Question

If \[a,b,\]A are given in a triangle and \[{c_1}\]and \[{c_2}\]are two possible values of third side such that \[c_1^2 + {c_1}{c_2} + c_2^2 = {a^2},\]then A is equal to
A. \[{30^o}\]
B. \[{60^o}\]
C. \[{90^o}\]
D. $ {120^o} $

Answer 1

Hint: Firstly, we will convert into the quadratic equation and we will find the sum of zeroes, product of zeroes. Further we will put the value of zeroes in the given equation and then we will find the angle A.
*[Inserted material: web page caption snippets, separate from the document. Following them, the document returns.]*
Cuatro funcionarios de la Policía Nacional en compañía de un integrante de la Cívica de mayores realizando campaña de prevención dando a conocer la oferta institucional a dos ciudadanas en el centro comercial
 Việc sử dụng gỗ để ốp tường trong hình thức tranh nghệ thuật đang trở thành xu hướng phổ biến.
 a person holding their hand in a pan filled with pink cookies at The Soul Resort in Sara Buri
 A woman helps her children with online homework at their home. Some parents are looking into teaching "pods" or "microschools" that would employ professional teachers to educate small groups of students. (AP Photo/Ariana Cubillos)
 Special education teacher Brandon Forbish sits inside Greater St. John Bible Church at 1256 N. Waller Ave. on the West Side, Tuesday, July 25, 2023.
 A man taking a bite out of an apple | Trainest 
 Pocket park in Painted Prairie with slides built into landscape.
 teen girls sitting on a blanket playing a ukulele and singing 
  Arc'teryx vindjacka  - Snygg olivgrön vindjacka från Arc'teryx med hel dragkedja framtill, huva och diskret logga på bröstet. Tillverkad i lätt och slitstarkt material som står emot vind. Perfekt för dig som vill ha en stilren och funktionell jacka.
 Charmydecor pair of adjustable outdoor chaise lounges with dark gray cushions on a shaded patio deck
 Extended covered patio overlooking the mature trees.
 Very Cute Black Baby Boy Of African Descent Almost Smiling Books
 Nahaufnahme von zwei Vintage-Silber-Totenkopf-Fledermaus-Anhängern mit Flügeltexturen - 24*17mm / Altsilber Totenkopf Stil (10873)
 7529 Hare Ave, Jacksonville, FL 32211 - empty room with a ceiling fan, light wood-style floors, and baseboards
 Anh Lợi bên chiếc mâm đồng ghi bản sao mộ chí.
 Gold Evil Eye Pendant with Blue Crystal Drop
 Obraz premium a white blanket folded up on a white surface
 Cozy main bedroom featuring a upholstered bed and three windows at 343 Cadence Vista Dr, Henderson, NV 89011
Complete step-by-step answer:
As we know that \[\cos A = \dfrac{{{b^2} + {c^2} - {a^2}}}{{2bc}}\]
Now, cross multiplying the number
 $ 2bc\,\cos A = {b^2} + {c^2} - {a^2} $
 $ \Rightarrow {b^2} + {c^2} - {a^2} - 2bc\,\cos A = 0 $
In the above equation, we can do in the form of quadratic equation and C is the variable in which $ {c_1},{c_2} $ are zeros of equation:
  $ {c^2} - 2bc\cos A + {b^2} - {a^2} = 0 $
Here, $ A = 1,\,B = - 2b\cos A,C = {b^2} - {a^2} $
Then, Sum of the zeroes $ \left( {{c_1} + {c_2}} \right) $ $ = \dfrac{{ - b}}{a} $
Sum of zeroes $ \left( {{c_1} + {c_2}} \right) $ $ = \dfrac{{ - ( - 2b\cos A)}}{1} $
Sum of zeroes $ \left( {{c_1} + {c_2}} \right) $ $ = 2b\cos A $
And, product of zeroes $ ({c_1} \times {c_2}) = \dfrac{C}{a} $
product of zeroes $ {\left( {{c_1} \times c} \right)_2} = \dfrac{{{b^2} - {a^2}}}{1} $
product of zeroes $ \left( {{c_1} \times {c_2}} \right) = {b^2} - {a^2} $
It is given that: $ c_1^2 + {c_1}{c_2} + c_2^2 = {a^2} $ ……(i)
Now,
 $ c_1^2 + {c_1}{c_2} + c_2^2 = {a^2} $ ……(ii)
We will add $ {c_1}{c_2} $ and subtracted the equation (ii) , we have
\[c_1^2 + {c_1}{c_2} + c_2^2 + {c_1}{c_2} - {c_1}{c_2} = {a^2}\]
\[c_1^2 + 2{c_1}{c_2} + c_2^2 - c_2^2 - {c_2}{c_2} = {a_2}\]
As, we know that \[{(a + b)^2} = {a^2} + 2ab + {b^2}\]
Then $ {({c_1} + {c_2})^2} - {c_1}{c_2} = {a^2} $ ……(iii)
Then, we will substitute the sum of zeroes $ ({c_1} + {c_2}) $ and product of zeroes $ ({c_1}{c_2}) $ in equation (iii), we have
\[{(2b\cos A)^2} - ({b^2} - {a^2}) = {a^2}\]
 $ 4{b^2}{\cos ^2}A - {b^2} + {a^2} = {a^2} $
\[4{b^2}{\cos ^2}A - {b^2} + {a^2} - {a^2} = 0\]
 $ \Rightarrow 4{b^2}{\cos ^2}A - {b^2} = 0 $
 $ \Rightarrow 4{b^2}{\cos ^2}A = {b^2} $
 $ \Rightarrow {\cos ^2}A = \dfrac{{{b^2}}}{{4{b^2}}} $
 $ \Rightarrow {\cos ^2}A = \dfrac{1}{4} $
 $ \Rightarrow {\cos ^2}A = {\left( {\dfrac{1}{2}} \right)^2} $
 $ \Rightarrow \cos A = \pm \dfrac{1}{2} $
 $ \therefore \cos A = 60 $
 $ A = {60^o} $
So, the correct answer is “Option B”.

Note: When students convert the equation into quadratic equation then take c as a variable. Then put the exact value of zeroes in the equation to get the answer. We can also find the roots by sridharas method.